Walden: You drank that whole bottle by yourself?
Brooke: It’s OK, I’m going to eat later.
Lulz. Cute. Brooke is fine. I kinda love that they’re both wasted because they got nervous about going out with a girl they actually like. How deranged does that make me? That I’m relating to lesbian characters on Two And A Half Men? Jeezuz. After 10 episode recaps, I’m clearly forming some sort of stockholm syndrome with TAHM. It does make the task more pleasant, so I’ll go with it.
Brooke: I’m sorry, I never do second dates and I’m nervous because I really like Jenny.
Walden helps Brooke stumble over to the couch, where Jenny is passed out.
Brooke: Oh, cute, nap date!
Brooke collapses on the couch and passes out on top of passed out Jenny.

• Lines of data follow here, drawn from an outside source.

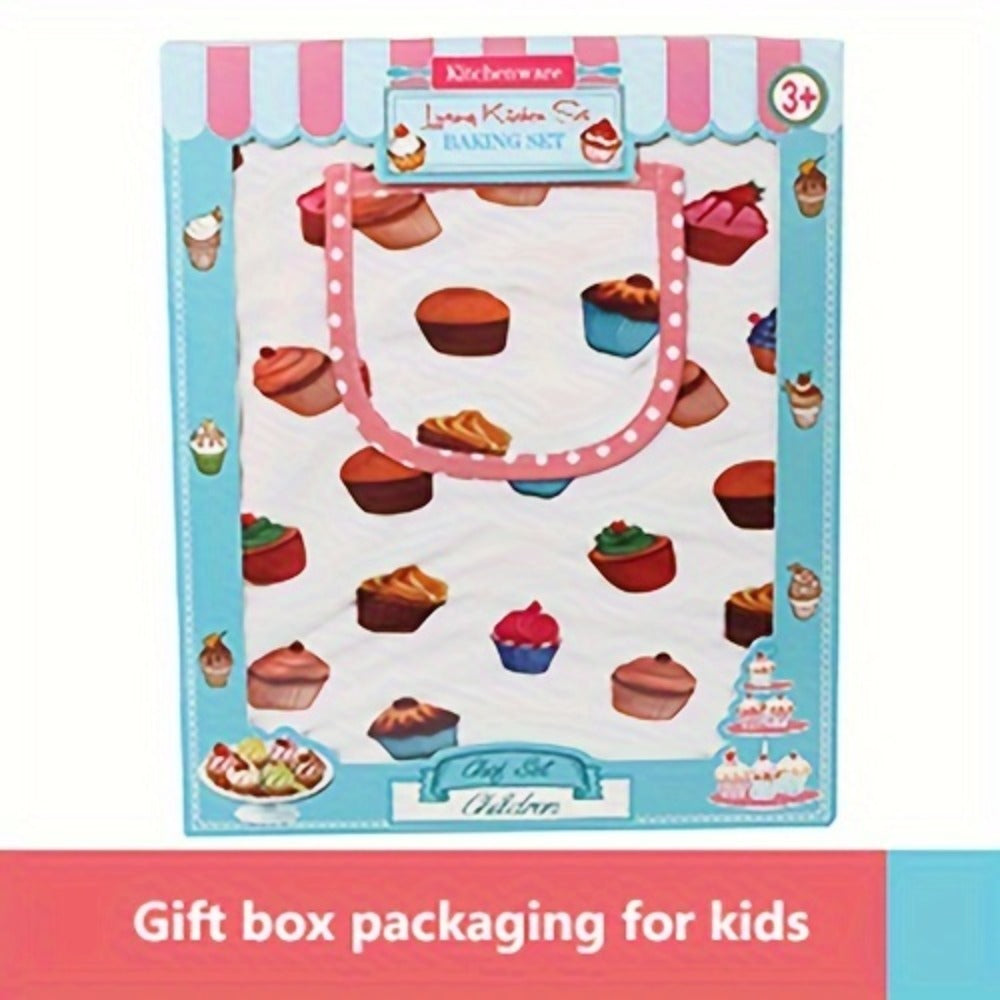 Kids Pretend Baking Set, 24-Piece Chef Hat and Apron with Play Accessories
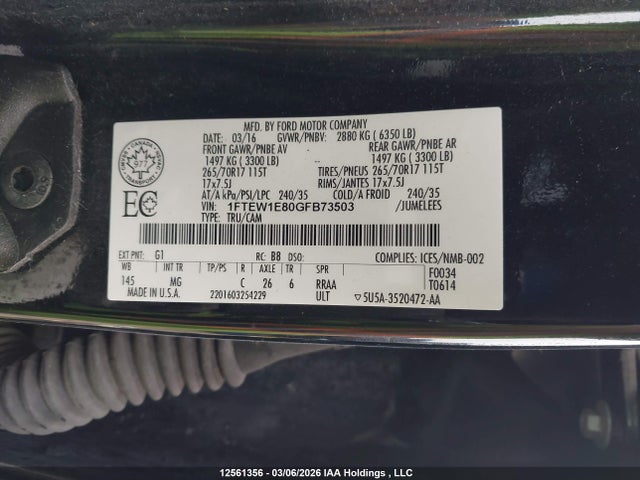 Продажа на аукционе авто 2016 Ford F150 Supercrew, vin: 1FTEW1E80GFB73503, номер лота: 12561356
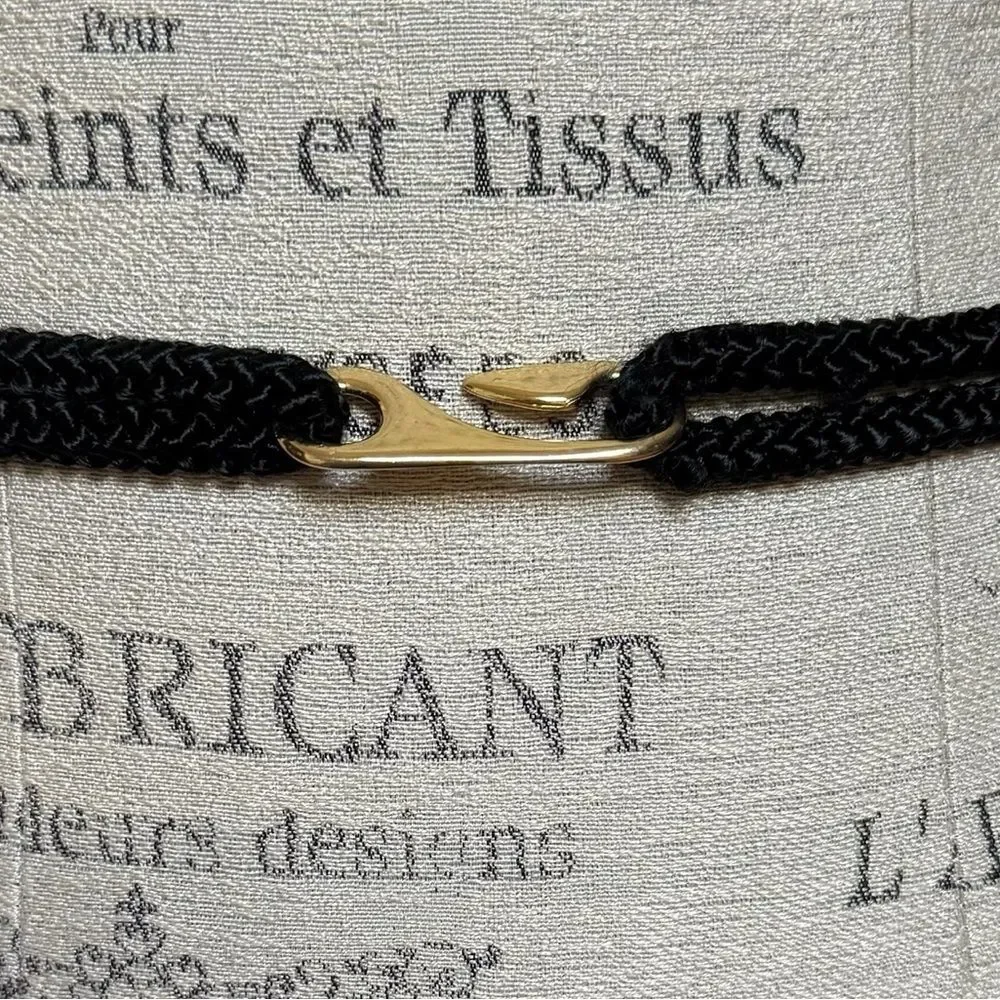 Vintage 80s Motion East Ornate Braided Macrame Belt Black Gold Sz M/L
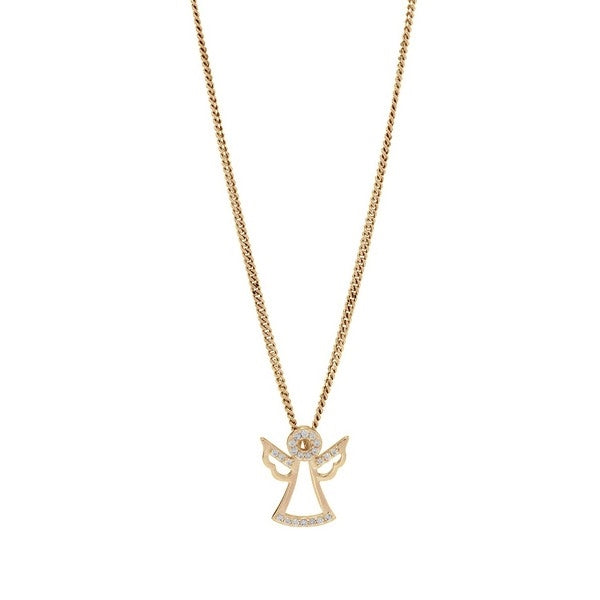 Siersbøl vedhæng med engel i forgyldt sølv og zirkonia inkl. kæde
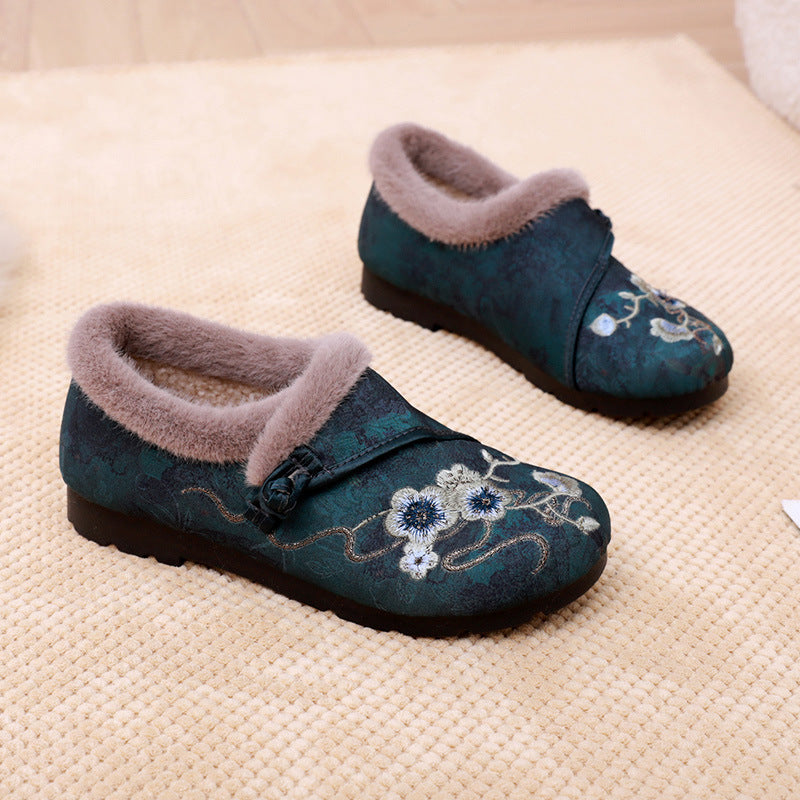 Damen Warme Hausschuhe mit floralem Design und kuscheligem Innenfutter EB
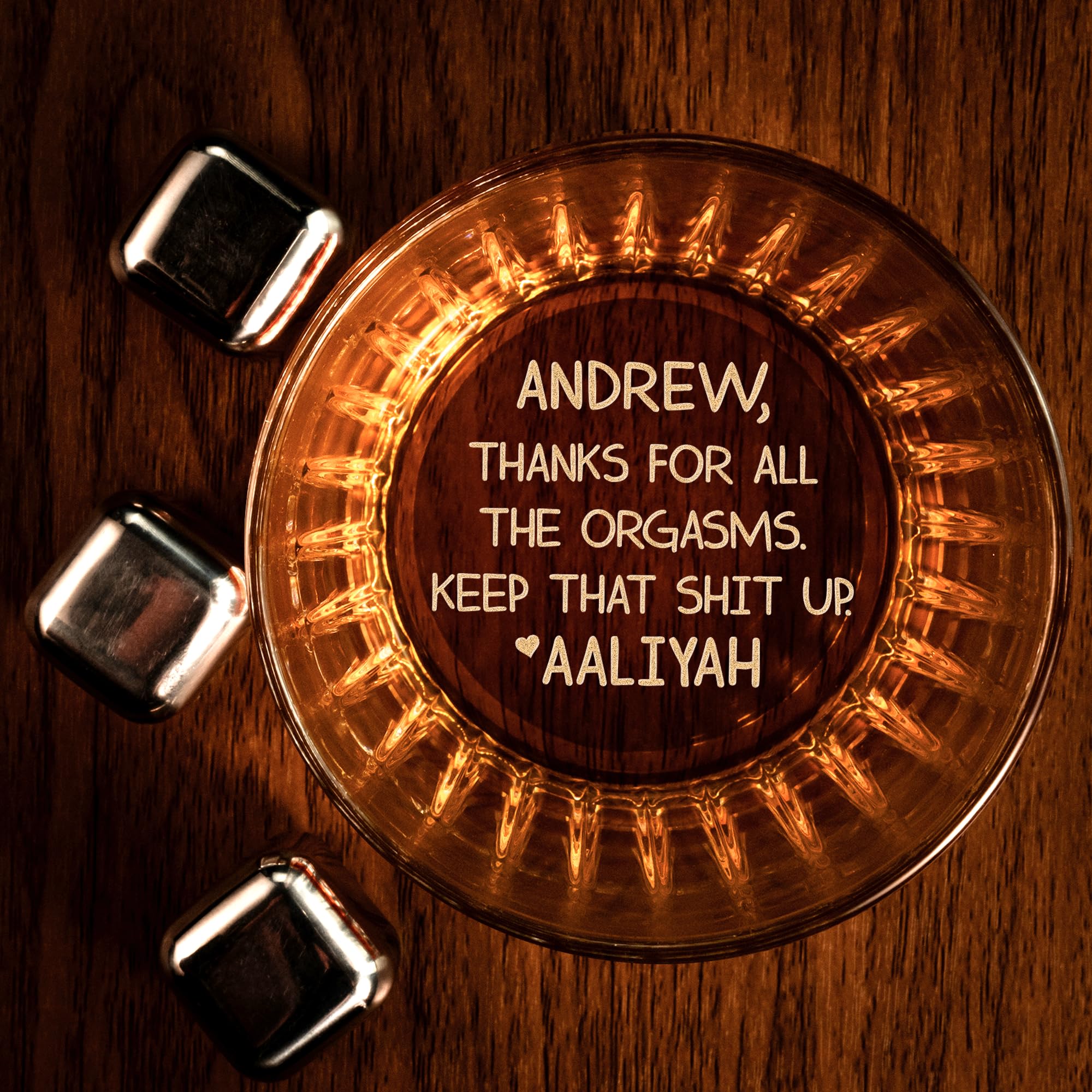 Lucy Engraving Thanks For All The Orgasms Anniversary Presents For Him - Personalized Funny Whiskey Glass Gifts for Husband - 11 oz - Made in the USA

AWWW I WANNA BLACK OUT NAP DATE. Fuck, I’ve accidentally had blackout nap dates, why not just be upfront about it? “You’re really pretty and cool and that scares me so let’s not feel or remember anything so I can get through this.” Whose insies? Walden stops to admire the fetching if sloshed duo.
Walden: Awww. It’s like drunk, gay puppies! Squee!
Then Walden takes a picture because fuckers be creepy. Oy. Love/hate. Love, stockholm syndrome, and hate.